When we say ‘renovation’ or ‘remodeling,’ of architecture, we often think of repairing a run-down building that has lost its function over time. These days, however, it is easy to see unfinished structures that have been suspended mid-construction due to profitability issues.
These are projects in which a person bought some land for the purpose of speculative investment in real estate and without carefully reviewing profitability, got a construction permit and started to build.
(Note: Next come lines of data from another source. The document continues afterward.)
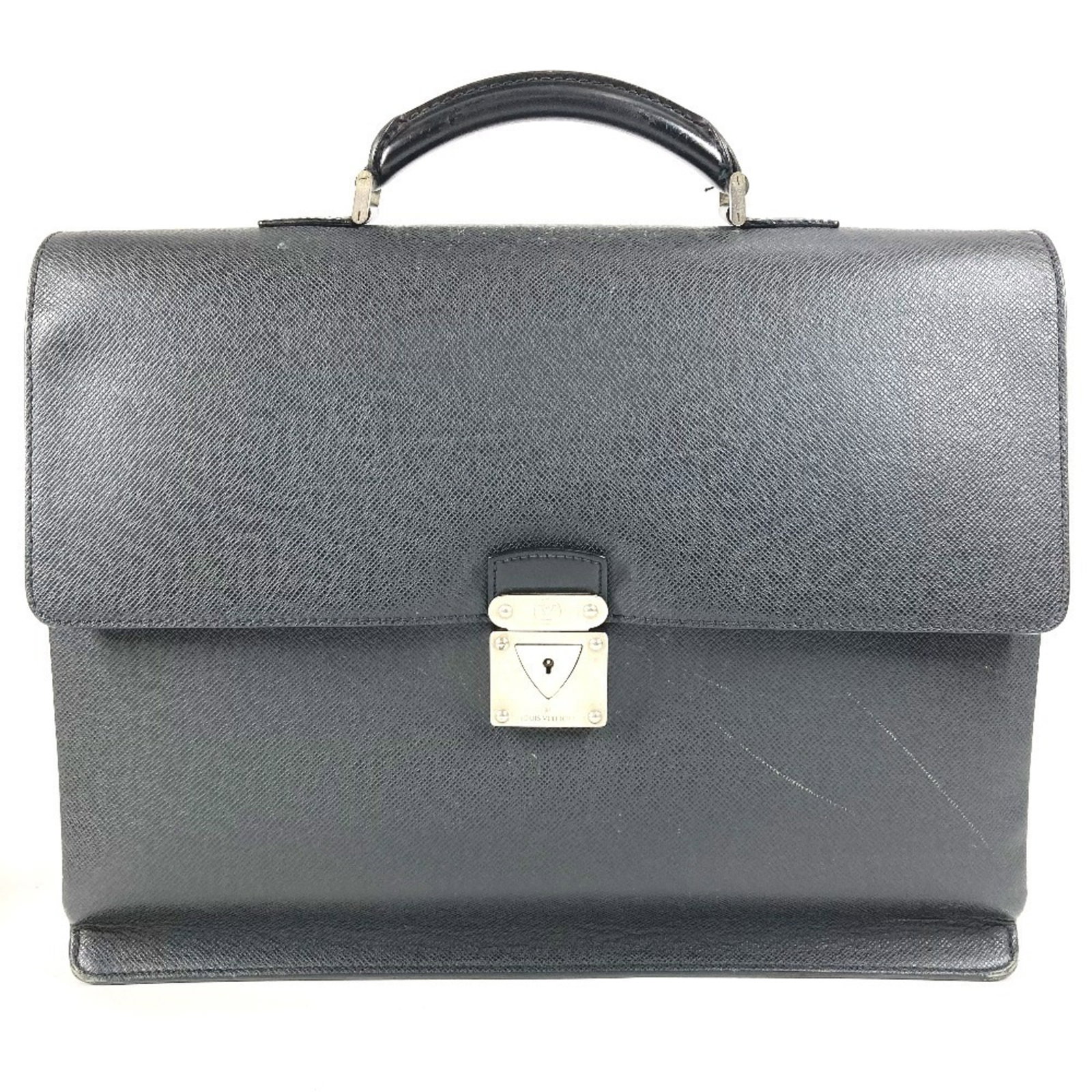Handbag Taiga Briefcase Louis Vuitton Leather: Handbag Taiga Briefcase Louis Vuitton Leather Taiga leather briefcase in Ardoise color, featuring a classic design from Louis Vuitton. Made in France, this M30032 briefcase measures 30cm x 41cm x 7cm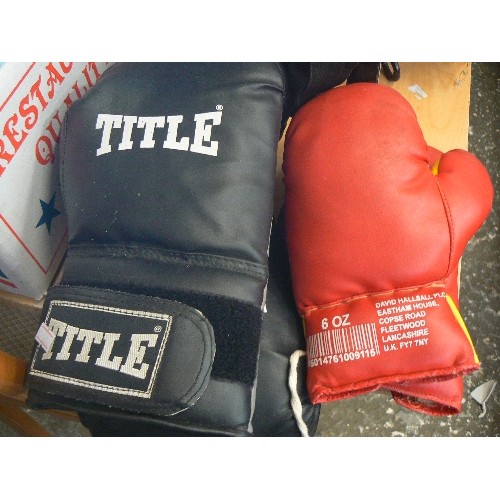 323 - 2 PAIRS OF BOXING GLOVES AND A HEAD PROTECTOR.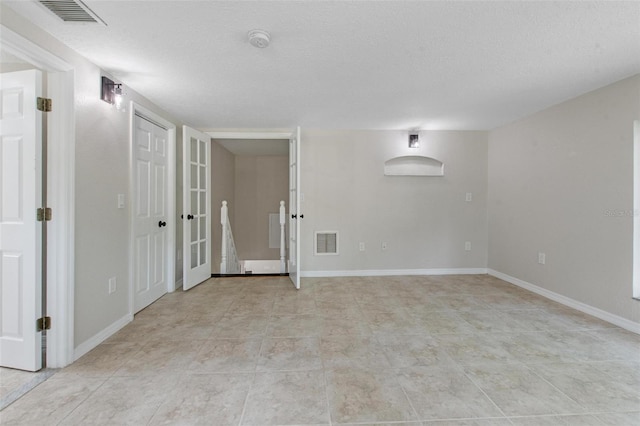 6317 Discovery Ln, Land O Lakes, FL 34638 - empty room featuring visible vents, a textured ceiling, and baseboards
Unlike urban regeneration, which reconstructs and heals the city by utilizing the surrounding environment that already exists, how should this abandoned structure, of which its architectural purpose is unclear from the start, and which has no story planted in the ground, be regenerated within the city?
The site where this half-built structure sits, Munho-ri, Seojong-myeon, Yangpyeong-gun, was a piece of land in Yangpyeong, which was on the rise as a tourist destination near the metropolitan area. After purchasing the land for the purpose of real estate speculation and starting construction, it was never completed. Though it has stood as a cold concrete frame for a long time, we hope that it will be permeated by warmth, as people inhabit it. If a space is functionally fixed, the place is likely to vanish when there is no more use for it.
True architectural regeneration should transcend simple rehabilitation, and become an urban renewal capable of self-sprouting that can continue to create new stories by communicating with each other in the city, regardless of what program it holds. In order to do that, architecture needs to play the role of putting together and weaving various aspects of daily life on the earth, consuming and sharing the everyday stories hidden in that place.
Architecture that possesses the new format that is desired by the place starts with rediscovering the place that has been put off in the many stories faced by the area.